Start the copy at the line holding "Slide: The Image" and continue it exactly through the last line of the entries, leaving out pictures and anything else.

──────

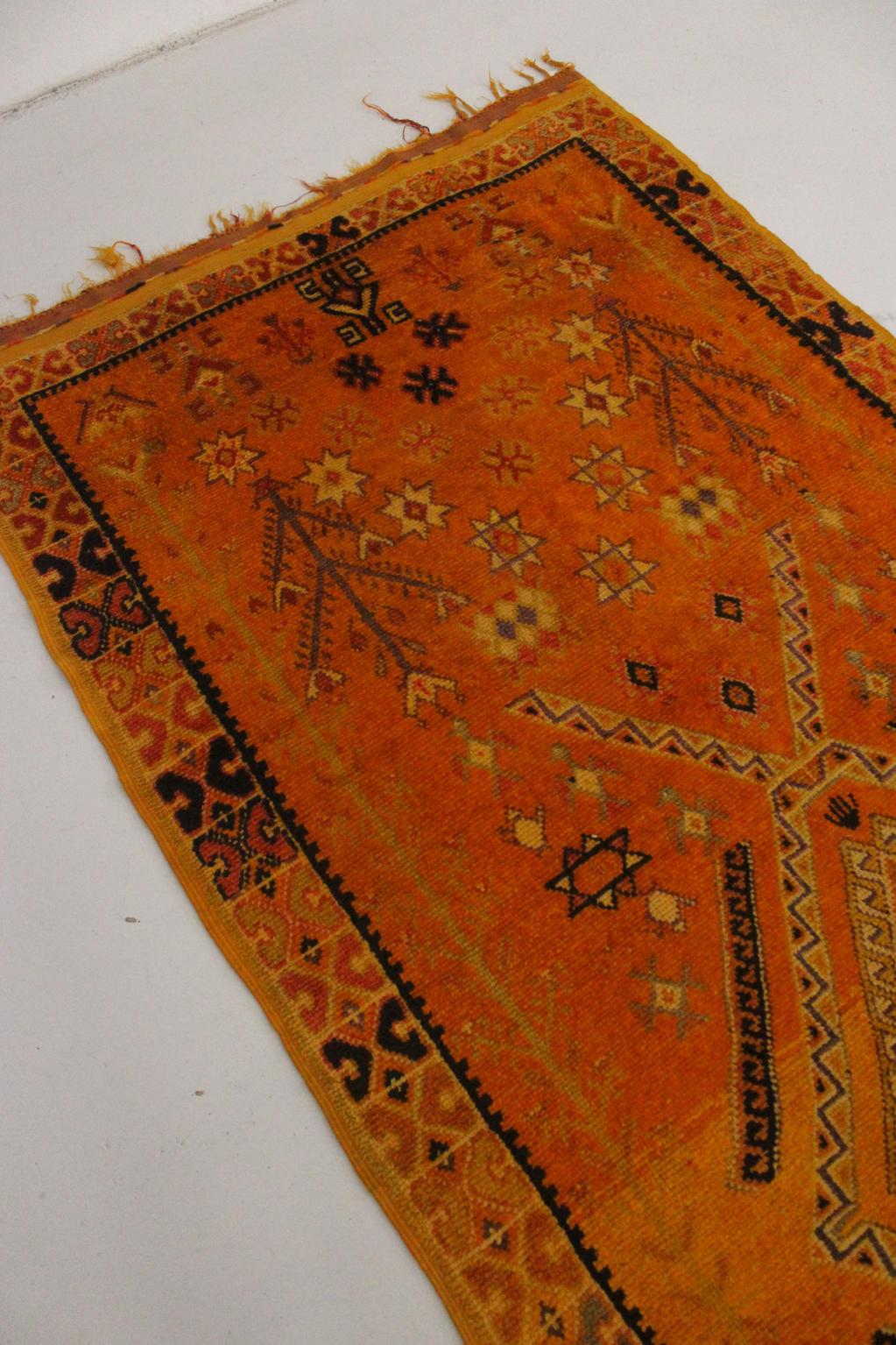 Vintage traditional moroccan rug - yellow, orange - Taznakht - 4.9x12.6feet / 150x385cm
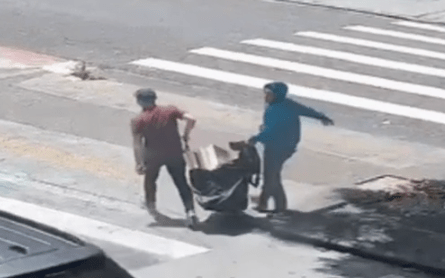 Biblioteca Mário de Andrade: vídeo mostra ladrões carregando obras roubadas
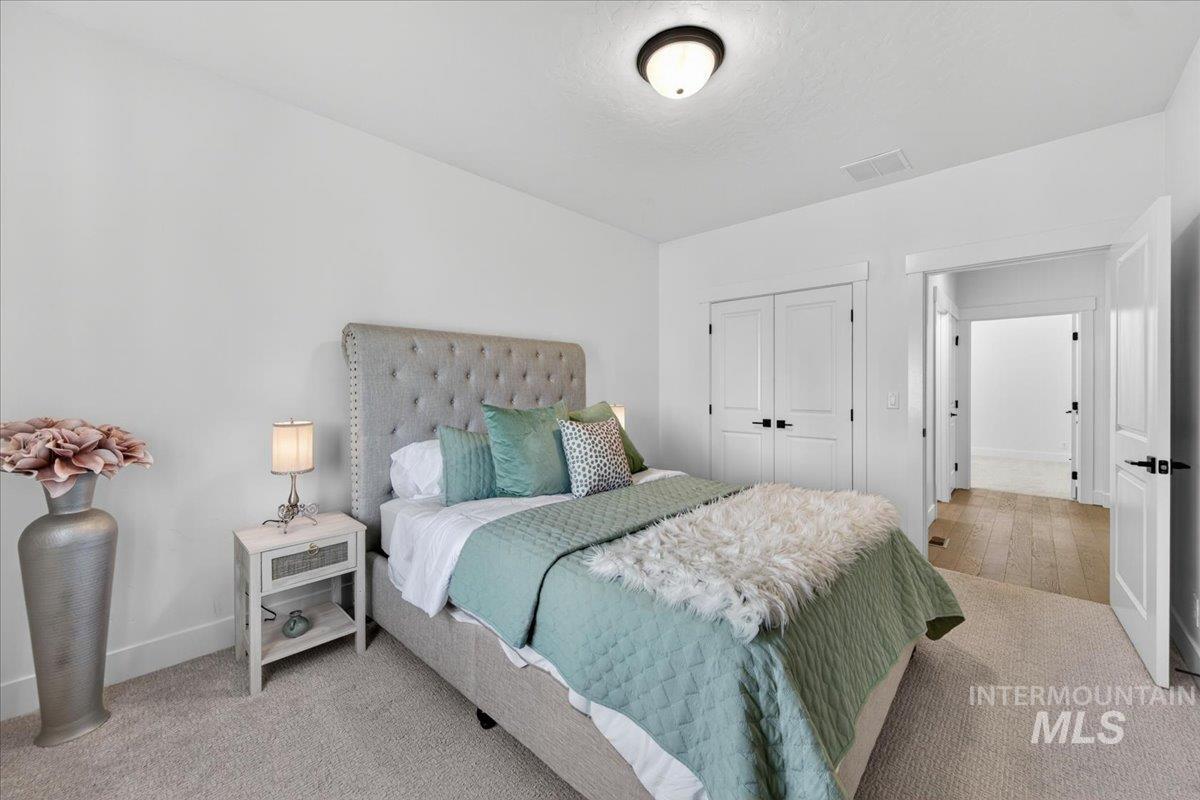 12195 Red Shouldered Hawk, Nampa, Idaho 83686, 3 Bedrooms, 2 Bathrooms, Residential For Sale, Price $549,500,MLS 98983308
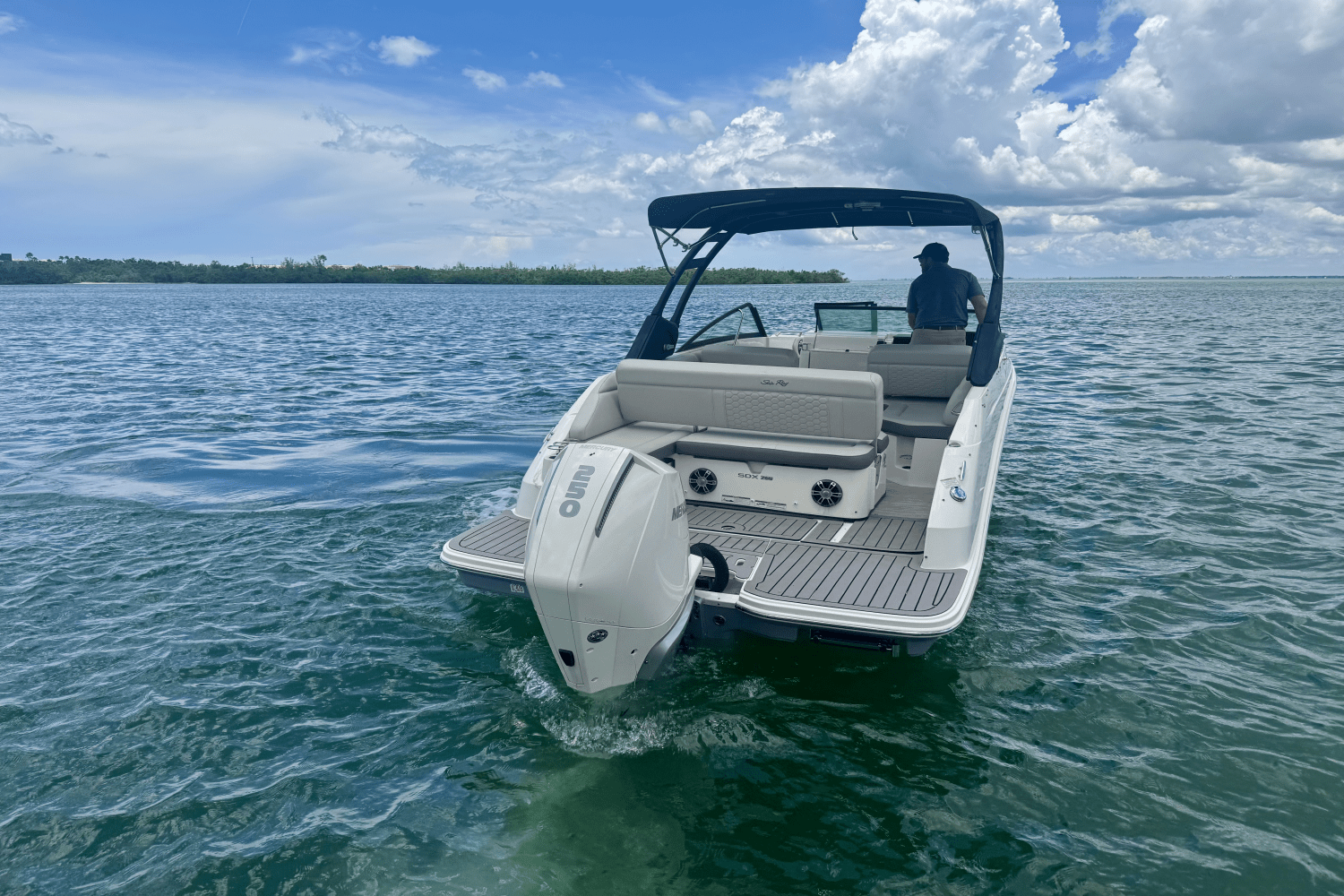 Slide: The Image of Sea Ray 250 SD-OB 2022 - 5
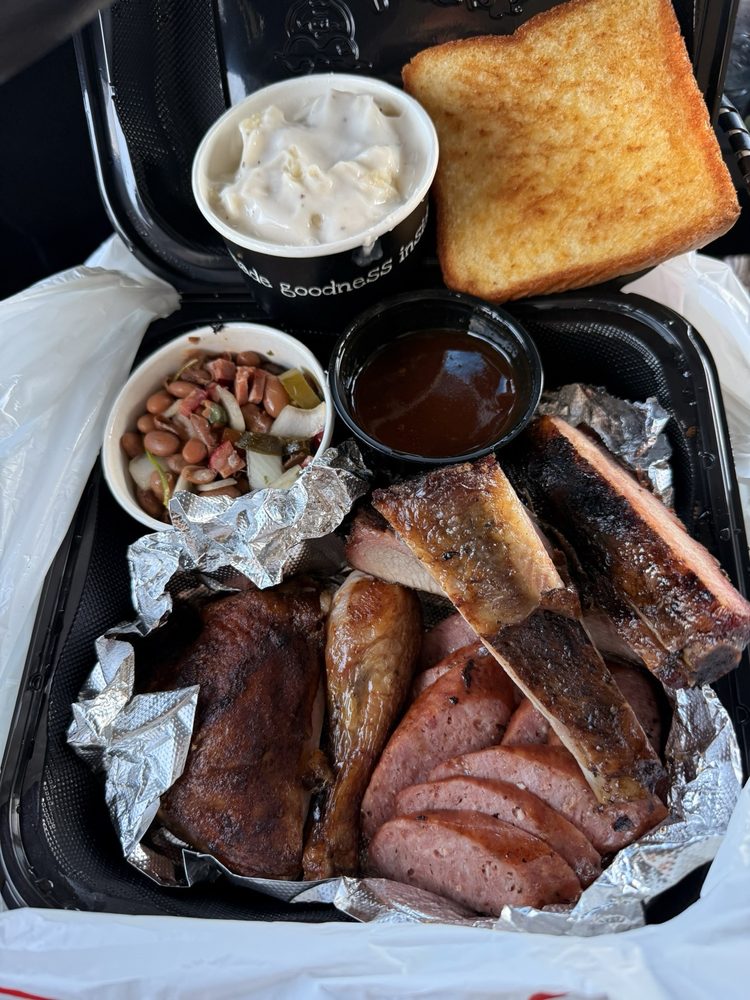 Soulman’s Bar-B-Que - Photo 3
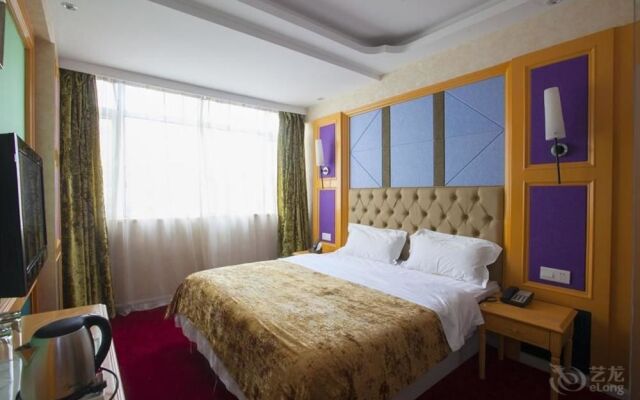 Roman Holiday Hotel (Wuhan Xibei Lake)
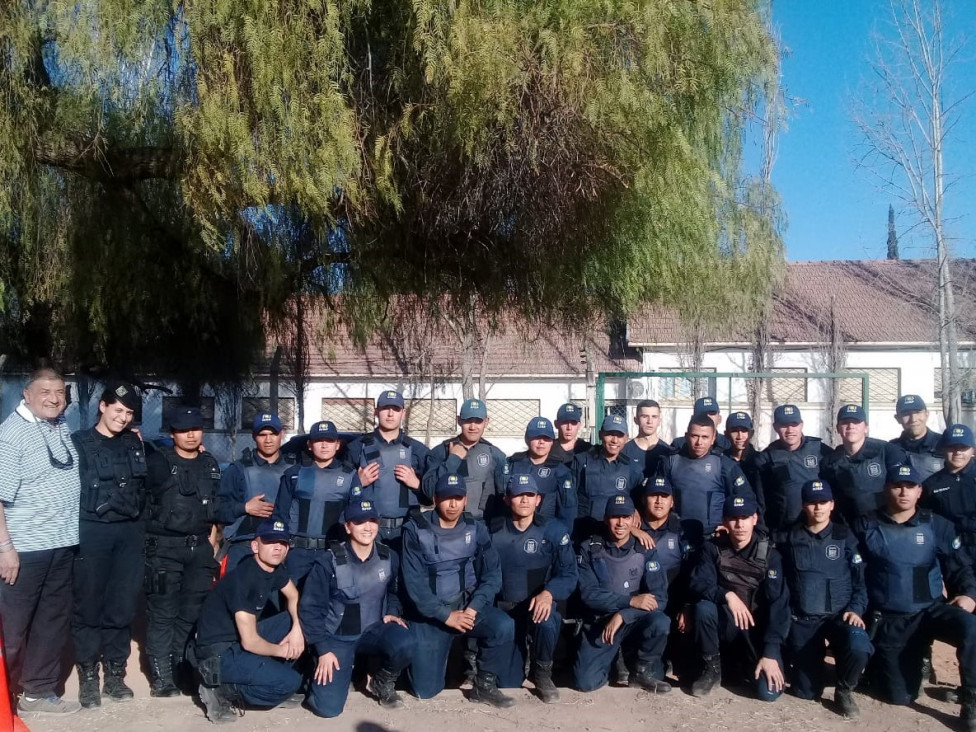 imagen Equipo de Running del IUSP en entrenamiento de resistencia a la velocidad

──────

**ANSWER TO THIS TASK**.
 Slide: The Image of Sea Ray 250 SD-OB 2022 - 5
 Soulman’s Bar-B-Que - Photo 3
 Roman Holiday Hotel (Wuhan Xibei Lake)
 imagen Equipo de Running del IUSP en entrenamiento de resistencia a la velocidad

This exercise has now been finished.